Your use case is contextually not any different than re-displaying a simple single page form that user failed to fill in correctly, and for sake of convenience your server code re-filled the fields that user did fill in correctly. We see many such examples across the web. The only difference being, that you use two pages for a complete set of required (and optional) user data you're collecting. You could as well be using twenty of such steps, it doesn't really matter from security perspective (it might to the users tho, but that's a different matter), as long as:
- You've taken care of TLS
- You treat all user inputs, regardless of the page they come from, as a whole
- You don't unnecessarily expose clear text passwords in end user cache
You mentioned in the comments that this will be on HTTPS, so the first one is taken care of. Both of the other two are completely manageable, too:
Your server side code that verifies user input will have to be written in such a way to accommodate multiple user form pages, but also check against input constraints incrementally, meaning each new page will check all the data input on previous ones as well, up until the page the user is currently on. You also only accept all these separate forms as a whole, meaning a failure on one reverts to displaying that particular end user input stage, drops all subsequent form data, and displays relevant error for that page (or stage, step, however you want to name it).

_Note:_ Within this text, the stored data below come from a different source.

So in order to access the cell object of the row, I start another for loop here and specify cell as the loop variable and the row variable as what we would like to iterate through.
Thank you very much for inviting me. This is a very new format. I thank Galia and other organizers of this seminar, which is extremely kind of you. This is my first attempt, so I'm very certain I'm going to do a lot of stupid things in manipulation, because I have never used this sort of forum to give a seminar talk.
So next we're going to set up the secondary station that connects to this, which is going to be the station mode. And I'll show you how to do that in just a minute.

The important part is, that you accept all of the user's input only once all data is verified against your requirements in all of the form entry stages. Only then you can safely write anything to your database - i.e. all requirements were met.
Why is sending back end user passwords in clear text not a problem? Because you've already sent it at least once in the other direction - to the server. If that's not supposed to be a problem, sending it back using same TLS shouldn't just as well. Shouldn't, because you'll still have to consider this data being cached at user end by the browser, as @ThomasPornin pointed out. This is however controllable with browser cache header tags, be it as HTML tags, or in the HTTP server response headers. I won't go into detail how to achieve that, as it's a well covered subject, and has many threads on StackOverflow as well. The main takeaway is, that if your front-end was already prised open by some XSS injection, nothing is stopping this injection from collecting end user data on form submit from that same input field, so sending it back doesn't really expose it any more for these types of attacks, but client cache should still be considered to prevent exposing clear text passwords to other attack types.

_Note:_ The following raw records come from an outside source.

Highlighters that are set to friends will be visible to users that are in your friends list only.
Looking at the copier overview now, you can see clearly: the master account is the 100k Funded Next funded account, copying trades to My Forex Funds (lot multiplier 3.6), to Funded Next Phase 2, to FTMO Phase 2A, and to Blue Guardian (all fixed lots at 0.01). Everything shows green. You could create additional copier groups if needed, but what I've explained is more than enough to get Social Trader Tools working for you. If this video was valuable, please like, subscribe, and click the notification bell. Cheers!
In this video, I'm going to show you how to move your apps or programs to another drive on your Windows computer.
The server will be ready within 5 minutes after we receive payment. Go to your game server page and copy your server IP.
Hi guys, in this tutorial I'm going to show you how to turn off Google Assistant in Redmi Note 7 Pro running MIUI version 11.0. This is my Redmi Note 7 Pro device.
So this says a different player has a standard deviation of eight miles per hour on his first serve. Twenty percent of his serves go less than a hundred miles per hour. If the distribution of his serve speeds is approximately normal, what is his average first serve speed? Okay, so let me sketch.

Others have also suggested using AJAX for parts of your form data. While true that it can help with user input, guiding users as they go with feedback, you should never accept only partial data as something to rely on later, when completing either stage of form submission, or when completing the process as a whole. Checking display name availability, or similar is fine tho, but if it's in the mean time taken by another user, you most certainly don't want to rely on that previous AJAX request to decide, if the current user still gets to use it.